Please write out exactly the line containing "C4 Sega 230 THP Auto Luxury" below and every line after it, through the last one, but leave out any pictures.

[Records — start]

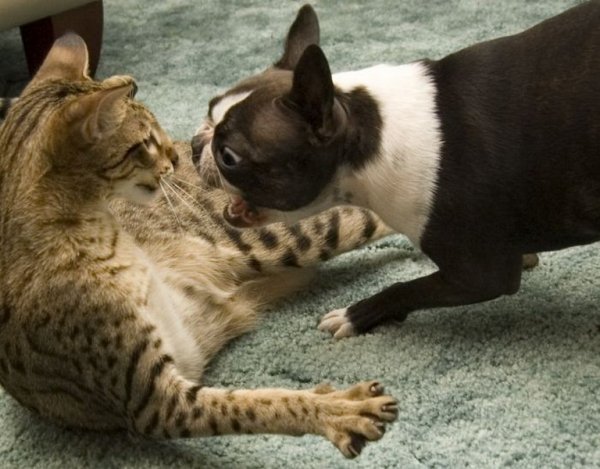 Коты и собаки с надписями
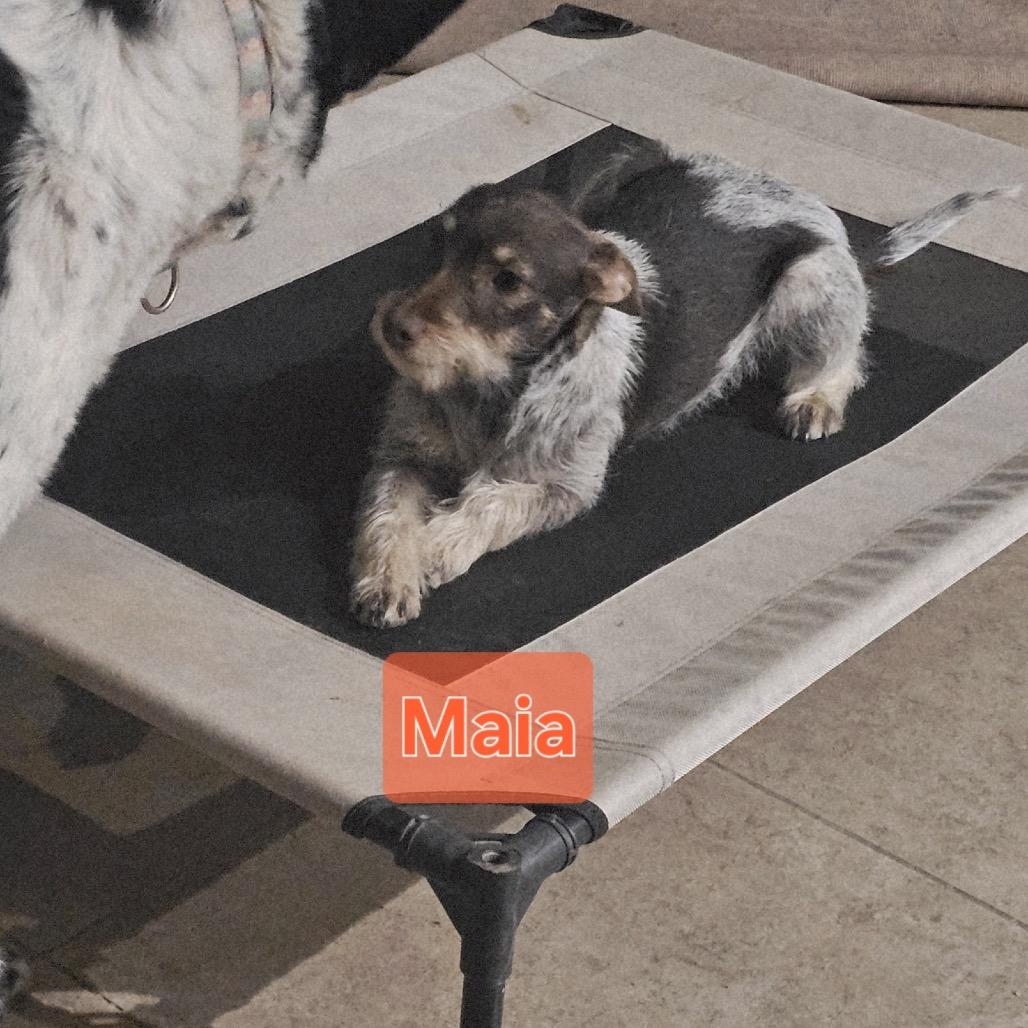 Enlarge Maia, a Adoptable German Wirehaired Pointer in Tonopah, AZ image 1/1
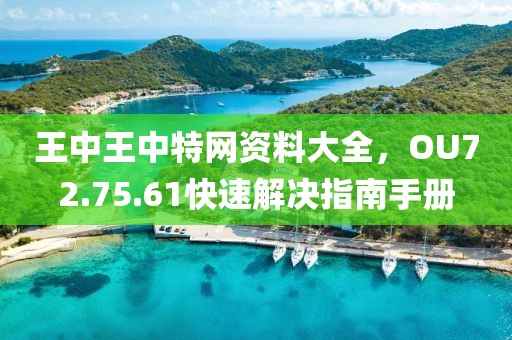 王中王中特網(wǎng)資料大全，OU72.75.61快速解決指南手冊(cè)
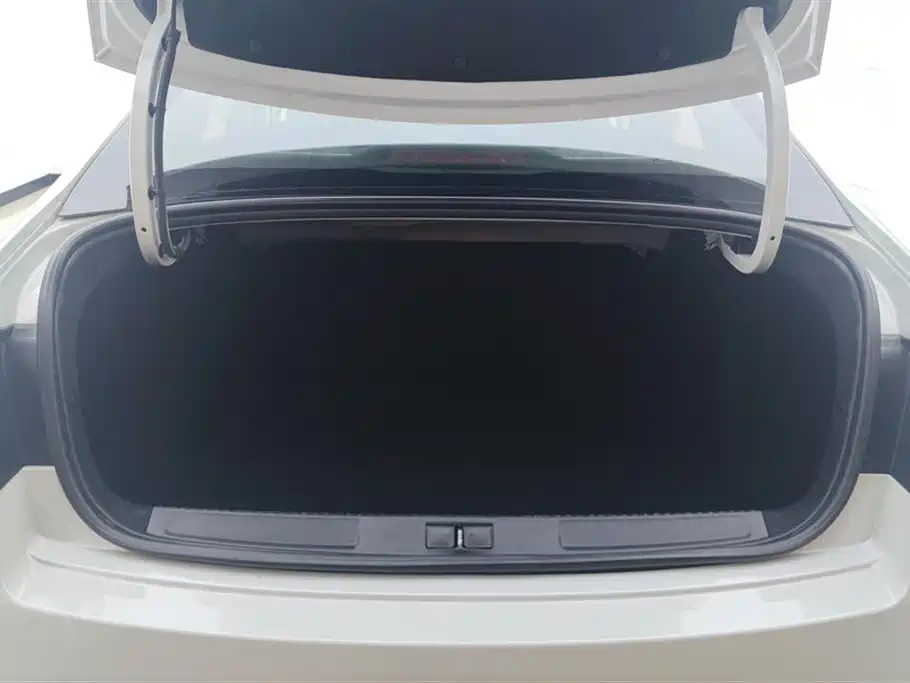 C4 Sega 230 THP Auto Luxury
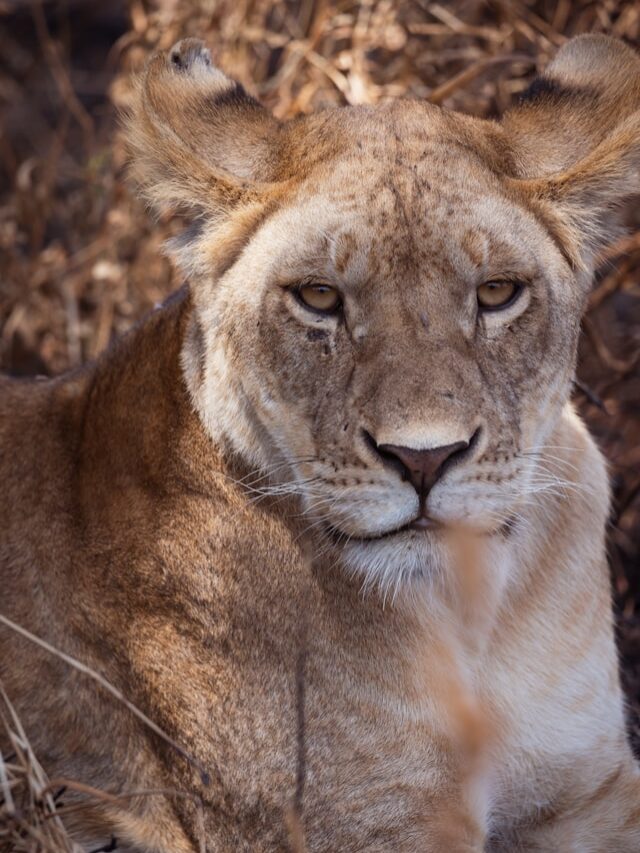 animais savana africana -Xtravel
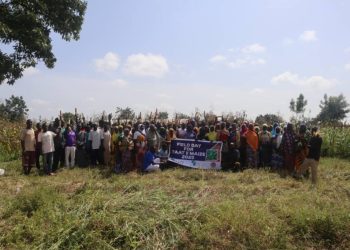 CSIR–SARI and MoFA Introduce Improved Maize Varieties to Boost Smallholder Productivity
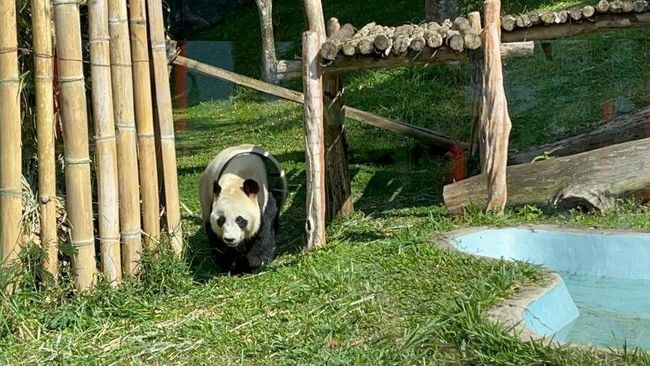 Taman Safari Coba Kawinkan Lagi Panda Raksasa Cai Tao-Hu Cun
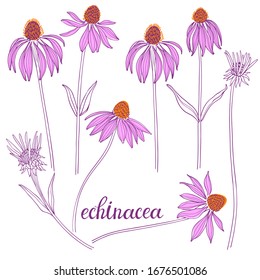 Echinacea.Sketch.Hand drawn outline vector illustration, isolated floral elements for design on white background.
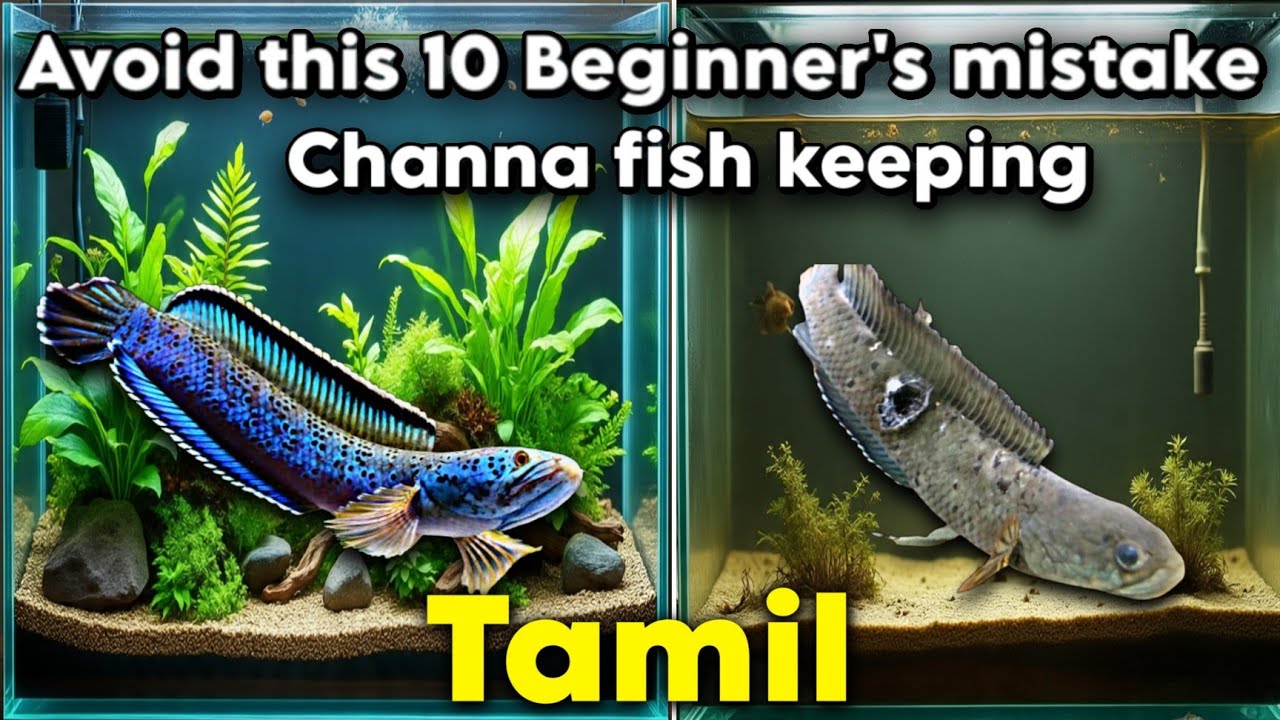 Avoid this 10 Beginner's mistake of channa fish | Tamil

[Records — finish]

## [Task result]
 C4 Sega 230 THP Auto Luxury
 animais savana africana -Xtravel
 CSIR–SARI and MoFA Introduce Improved Maize Varieties to Boost Smallholder Productivity
 Taman Safari Coba Kawinkan Lagi Panda Raksasa Cai Tao-Hu Cun
 Echinacea.Sketch.Hand drawn outline vector illustration, isolated floral elements for design on white background.
 Avoid this 10 Beginner's mistake of channa fish | Tamil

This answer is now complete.